*Exercise prompt*
Start to finish, return the listing exactly as written.

*Given information*

<<<<

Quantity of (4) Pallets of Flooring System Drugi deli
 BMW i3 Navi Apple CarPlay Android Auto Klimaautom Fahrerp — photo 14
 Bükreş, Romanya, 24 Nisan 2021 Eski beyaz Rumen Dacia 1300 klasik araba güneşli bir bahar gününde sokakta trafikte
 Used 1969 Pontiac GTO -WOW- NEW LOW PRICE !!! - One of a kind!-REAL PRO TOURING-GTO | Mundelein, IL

>>>>

*Reply*
Quantity of (4) Pallets of Flooring System Drugi deli
 BMW i3 Navi Apple CarPlay Android Auto Klimaautom Fahrerp — photo 14
 Bükreş, Romanya, 24 Nisan 2021 Eski beyaz Rumen Dacia 1300 klasik araba güneşli bir bahar gününde sokakta trafikte
 Used 1969 Pontiac GTO -WOW- NEW LOW PRICE !!! - One of a kind!-REAL PRO TOURING-GTO | Mundelein, IL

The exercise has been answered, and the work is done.